▶ [WORK REQUIRED]: Would you repeat word for word the lines of the listing that follows, from the one with "Waterproof Junction Box" up to and including the one with "Bain d'oiseau en", and leave out the images?

▶ [TASK MATERIAL]:
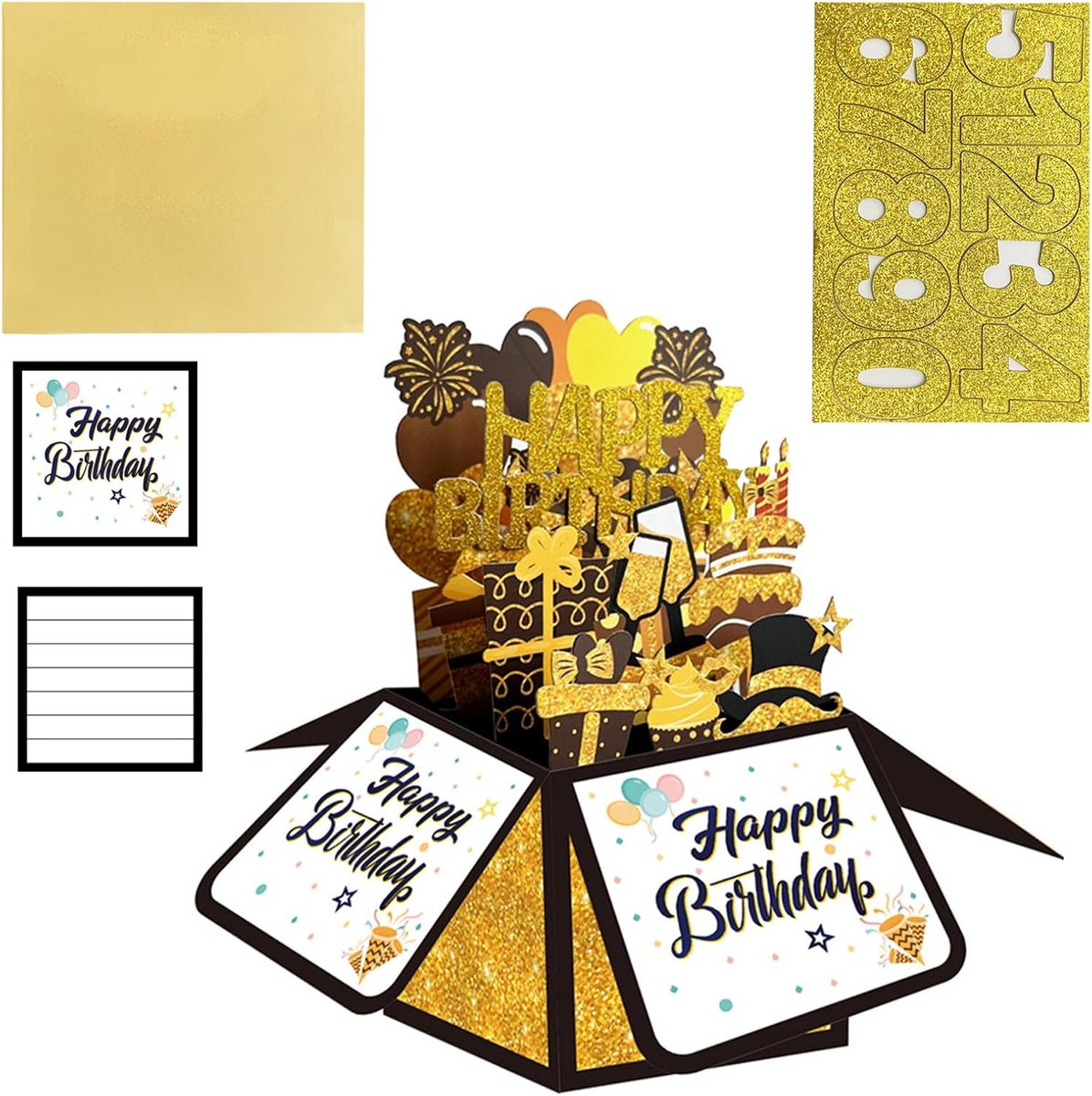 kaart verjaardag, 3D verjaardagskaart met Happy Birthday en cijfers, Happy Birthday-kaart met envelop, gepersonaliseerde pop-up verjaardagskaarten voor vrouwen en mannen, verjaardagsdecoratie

* * *

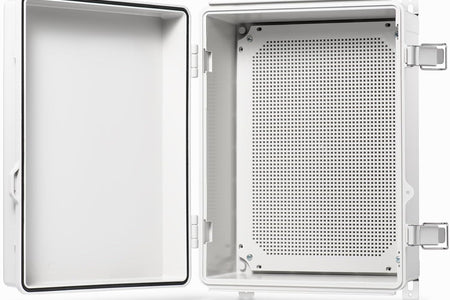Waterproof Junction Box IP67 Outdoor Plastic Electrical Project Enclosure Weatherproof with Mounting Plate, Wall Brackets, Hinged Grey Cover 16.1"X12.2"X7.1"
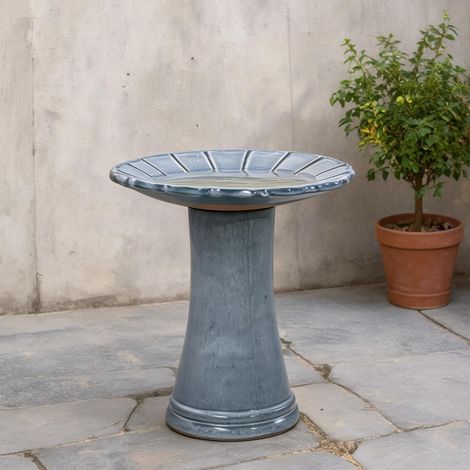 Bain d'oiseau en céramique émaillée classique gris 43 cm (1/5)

▶ [ANSWER TO THE EXERCISE]:
Waterproof Junction Box IP67 Outdoor Plastic Electrical Project Enclosure Weatherproof with Mounting Plate, Wall Brackets, Hinged Grey Cover 16.1"X12.2"X7.1"
 Bain d'oiseau en céramique émaillée classique gris 43 cm (1/5)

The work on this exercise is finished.